### Provided data

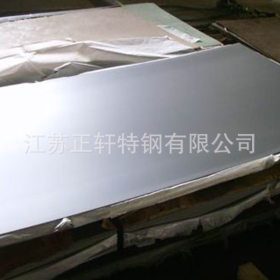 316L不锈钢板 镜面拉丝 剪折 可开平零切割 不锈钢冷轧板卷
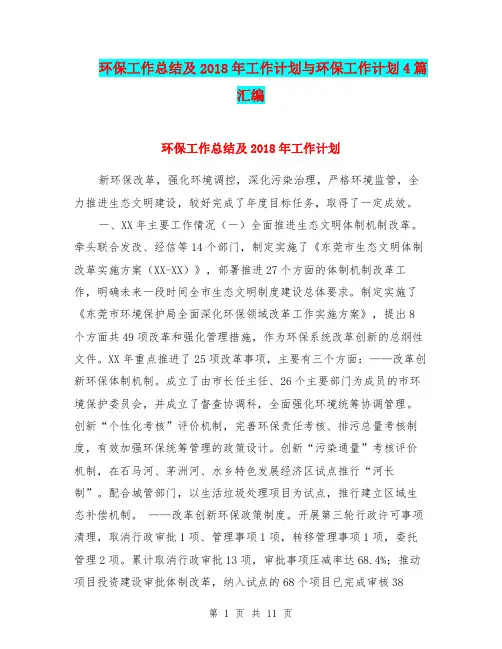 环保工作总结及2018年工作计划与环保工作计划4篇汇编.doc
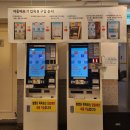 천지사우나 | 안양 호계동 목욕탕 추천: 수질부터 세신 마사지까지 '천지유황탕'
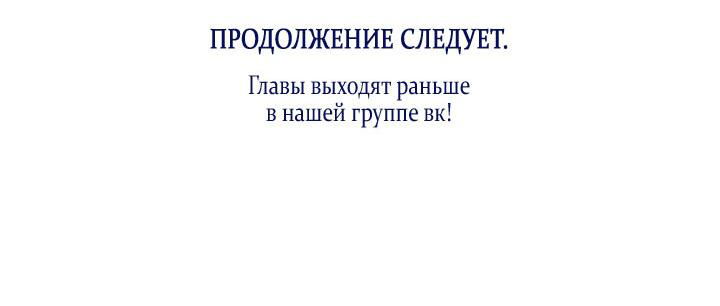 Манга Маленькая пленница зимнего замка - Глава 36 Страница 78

### Assigned task
Give back the material above exactly as it appears, minus the pictures.

### Finished exercise
 316L不锈钢板 镜面拉丝 剪折 可开平零切割 不锈钢冷轧板卷
 环保工作总结及2018年工作计划与环保工作计划4篇汇编.doc
 천지사우나 | 안양 호계동 목욕탕 추천: 수질부터 세신 마사지까지 '천지유황탕'
 Манга Маленькая пленница зимнего замка - Глава 36 Страница 78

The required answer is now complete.